Research Article Vol. 28, No. 4 / 17 February 2020 / Optics Express 4638
First-principle calculation of Chern number in
gyrotropic photonic crystals
RAN ZHAO,
1,2
GUO-DA XIE,
1,2
MENGLIN L. N. CHEN,
3
ZHIHAO
LAN,
4
ZHIXIANG HUANG,
1,2
AND WEI E. I. SHA
5,*
1
Key Laboratory of Intelligent Computing and Signal Processing, Ministry of Education, Anhui University,
Hefei 230039, China
2
Key Laboratory of Electromagnetic Environmental Sensing, Department of Education of Anhui Province,
Hefei 230039, China
3
Department of Electrical and Electronic Engineering, The University of Hong Kong, Hong Kong, China
4
Department of Electronic and Electrical Engineering, University College London, United Kingdom
5
Key Laboratory of Micro-nano Electronic Devices and Smart Systems of Zhejiang Province, College of
Information Science Electronic Engineering, Zhejiang University, Hangzhou 310027, China
*
weisha@zju.edu.cn
Abstract:
As an important figure of merit for characterizing the quantized collective behaviors
of the wavefunction, Chern number is the topological invariant of quantum Hall insulators.

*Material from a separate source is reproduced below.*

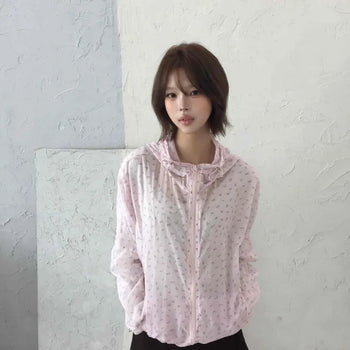 Floral Anorak Hooded Windbreaker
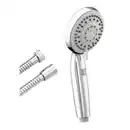 Bild 2 von WELLWATER Brause-Set »Darkon«, 3 Strahlarten, chromfarben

Chern number also identifies the topological properties of the photonic topological insulators
(PTIs), thus it is of crucial importance in PTI design. In this paper, we develop a first principle
computatioal method for the Chern number of 2D gyrotropic photonic crystals (PCs), starting
from the Maxwell’s equations. Firstly, we solve the Hermitian generalized eigenvalue equation
reformulated from the Maxwell’s equations by using the full-wave finite-difference frequency-
domain (FDFD) method. Then the Chern number is obtained by calculating the integral of Berry
curvature over the first Brillouin zone. Numerical examples of both transverse-electric (TE) and
transverse-magnetic (TM) modes are demonstrated, where convergent Chern numbers can be
obtained using rather coarse grids, thus validating the efficiency and accuracy of the proposed
method.
© 2020 Optical Society of America under the terms of the OSA Open Access Publishing Agreement
1. Introduction
Topology studies the invariant properties of geometry under continuous deformation [1]. While
in mathematics, topological invariants are commonly used to classify topological spaces, in
topological physics, topological invariants are explored to distinguish the bulk properties of
materials. If physical observables can be expressed as topological invariants, they can only vary
discretely and will not be affected by small perturbations of system parameters.
With the discovery of the quantum Hall effects [2,3] and recent advances in the study of
topological insulators [4], topological phases of matter have attracted great attention in condensed
matter physics. In 2005, Haldane and Raghu transferred the key feature of quantum Hall effect
in quantum mechanics to classical electromagnetics [5] and soon after, it was numerically and
experimentally verified by using photonic crystals (PCs) [6,7].
Chern number in a photonic system is defined on the dispersion bands in wave-vector space.
For a two-dimensional (2D) periodic system, the Chern number is the integration of the Berry
curvature over the first Brillouin zone. Once the Chern number is calculated, the topological
properties of the system can be identified (trivial or non-trivial). In addition, the Chern number
can be used to explain the phenomenon of “topological protection” of the edge state transmission
in photonic topological insulators (PTIs). Therefore, the accurate computation of the Chern
number is of crucial importance in the PTI design [8–10].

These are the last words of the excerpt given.